No, all vaccines are about protecting against human nature in a sense. We can do that perfectly well. That's not the problem. The problem is that HIV is insidious and that it has protected itself against almost everything that we can think of doing, so we need to think of new things to do. That's been the block, is to think of new things to do.
You look back over 25 years of the epidemic, what do you see?
Looking back over 25 years of the epidemic is the saddest thing to do in the world, because we have watched [as] what exactly we knew would happen has happened. We saw it in the early '80s that this thing was being transmitted: It was being transmitted sexually, it was being transmitted perinatally, and we said nothing's going to stop this unless we can intervene.
We have not found an intervention that's effective. Certain countries' education has been effective. I think in the United States education has been effective, although not totally so. We still have 40,000 cases a year in the United States of transmission. Education has began to lower the rate of transmission in countries like Uganda and Thailand, so you can do something with education. But since that's the only thing we have actually, today we ought to be doing a lot more.
We ought to be trying lots of new models. We ought to be working very closely with the rest of the world to try to get people to understand that they transmit this virus in a variety of natural ways and that they have to intervene; they have to protect themselves.
You can only be devastated by seeing the 40 million people that are affected around the world today, and know that there could be a lot less than that. It could be a lot less than that.
The title of this series is The Age of AIDS, and that is because Supreme Court Justice Stephen Breyer was sitting next to me at a dinner, and when I told him what I was doing professionally, he said, "People think of this as the nuclear age or the information age, but I think when we look back we will realize, because of all the different levels, that this was the age of AIDS." Do you agree? Disagree?
This is not the age of AIDS, because the developed world, which is driving forward technology, which is driving forward the quality of culture, is increasingly less affected by AIDS. There was a moment in which it was the dominant thing and which really came together with the recognition of how widespread homosexuality was.
In the less developed world, AIDS is the most important thing going on, because it is cutting down the productivity of these countries; it's cutting down the life span of people; it's making it very difficult to carry out development projects. To that extent in those populations, probably AIDS is the dominant force in the world.
But if you look at the world overall, the growth of Asia is the biggest thing going on today, and they so far have not been terribly affected by AIDS. Will they be? Yes, they're going to be more and more affected by AIDS, but I think they can control it, and I think countries like China have the will to control it. The will is the big thing.
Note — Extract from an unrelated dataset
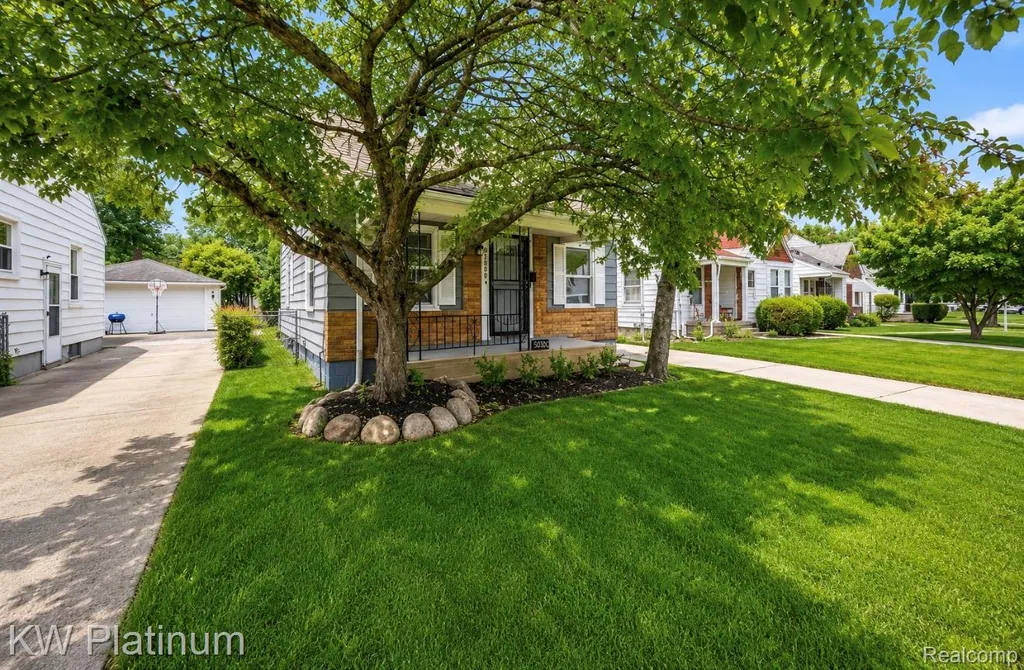 23809 Normandy Avenue Eastpointe City MI 48021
All right. I'll try one more quote on you. [Evolutionary biologist] Stephen [Jay] Gould said that evolutionarily, AIDS is a drop in the bucket. If 40 million, 60 million, 100 million died, that's evolution at work.
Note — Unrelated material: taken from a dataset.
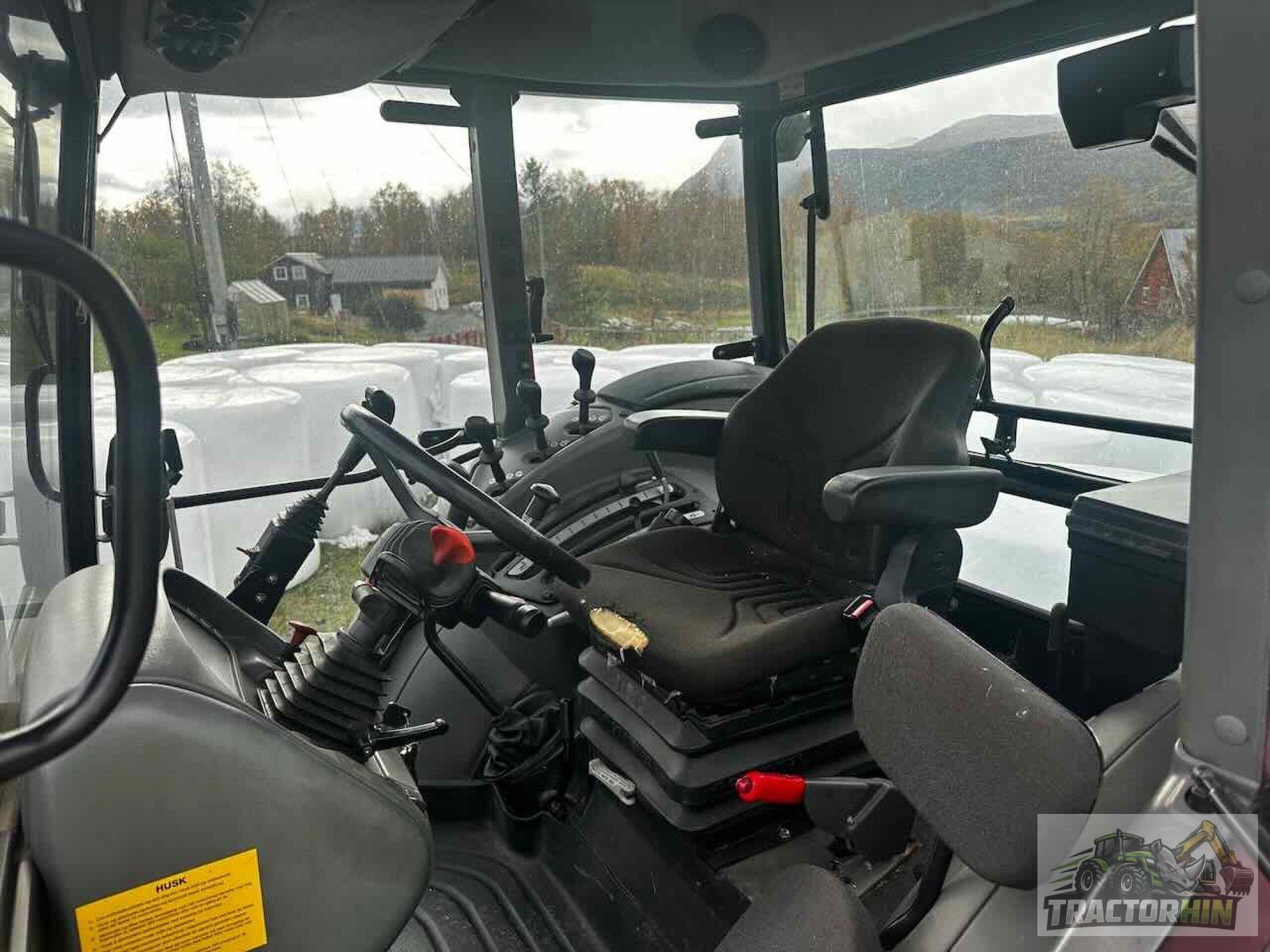 Tracteur agricole ZETOR Proxima Power 90 et chargeur frontal – Image 4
Yeah, any disease is evolution at work. The influenza epidemic of 1918 may have killed more people than HIV has killed yet, so we do see big, devastating infections sometimes concentrated, sometimes spread over time. But they are defining characteristics of evolution itself, and we need to evolve, in a sense, to protection against HIV.
Oddly enough, some people have. There's populations, particularly coming out of Scandinavia, that have a high rate of mutation of a key gene. That mutation protects them against HIV, so we could see evolution taking a hold here. I'd hate to wait for it. It's a slow process. But I think in the history of development of the parts of the world that still need to come into a much more modern age that AIDS is going to be seen as a really devastating disease, and I would not minimize that. That's important. It may not be the most important thing going on in the world, but it's important.